"'It's a fine nicht for gettin' hame,' she says, at the hinder end.
"This was, as ye may say, something like a hint, but I was determined to hae it oot wi' her that nicht. An' so I had, though no' in the way I had intended exactly.
"'It is a fine nicht,' says I; 'but I ken by the pains in the sma' o' my back that it's gaun to be a storm.'
"Wi' that, as if a bee had stang'd her, Tibby cam' to the ither side o' the table frae whaur I was sittin'—as it micht be there—an' she set her hands on the edge o't wi' the loofs doon (I think I see her noo; she looked awsome bonny), an' says she—
"'Tammas Thackanraip, ye are a decent man, but ye are wasting your time comin' here coortin' me,' she says. 'Gin ye think that Tibby o' the Hilltap is gaun to marry a man wi' his een in his pooch an' a weather-glass in the sma' o' his back, ye're maist notoriously mista'en,' says she."

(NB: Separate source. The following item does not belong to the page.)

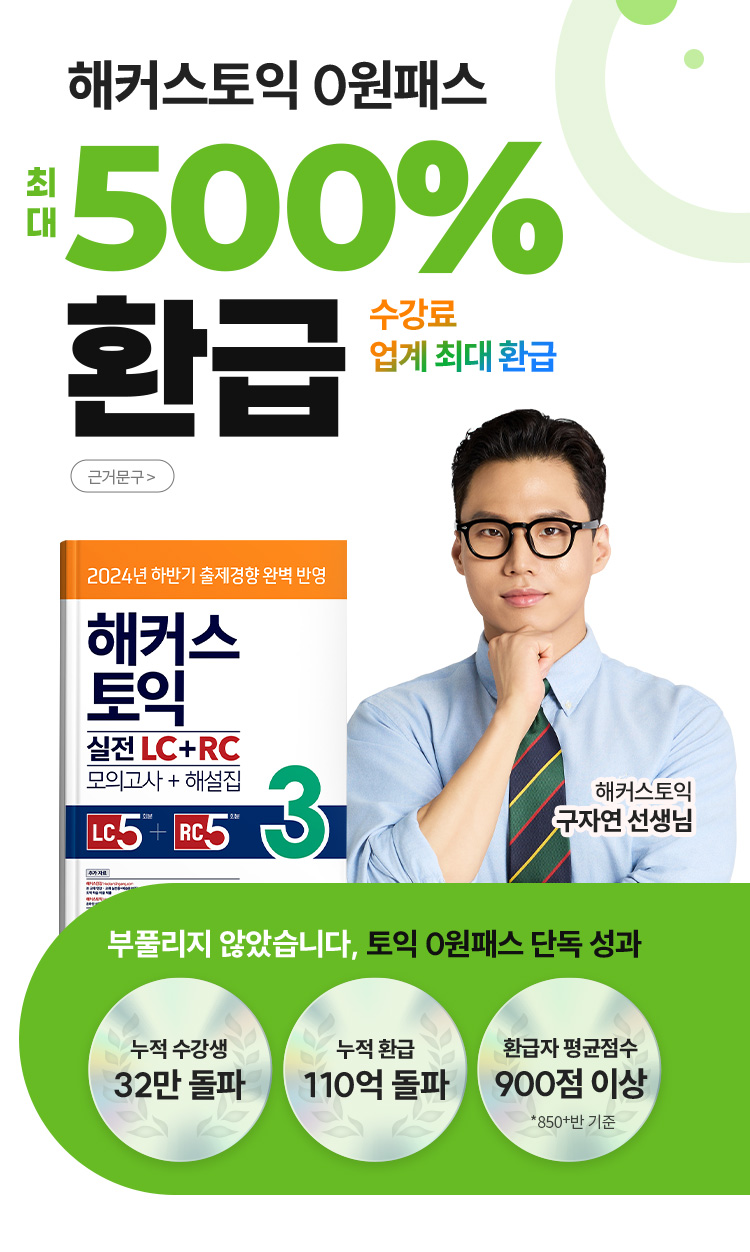 해커스 이미지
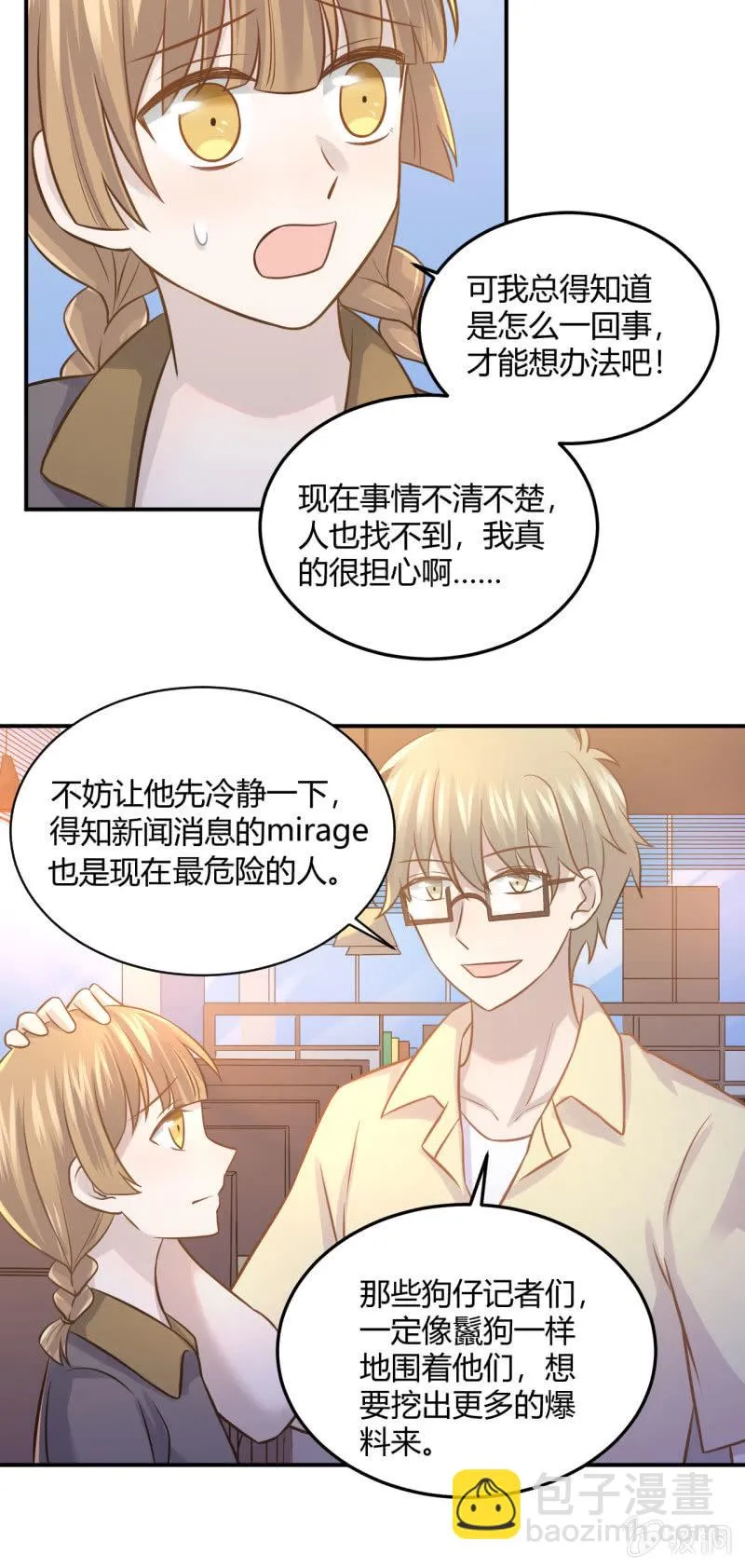 方铭宇的过去 第21页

There was silence in the kitchen after that, so that we could hear the clock ticking time about with my wife's needles.
"So I cam' awa'," at last said Tammock, sadly.
"An' what hae ye dune aboot it?" asked my wife, sympathetically.
"Dune aboot it?" said Tammas; "I juist speered Bell Mulwhulter when I cam' hame."
"An' what said she?" asked the mistress.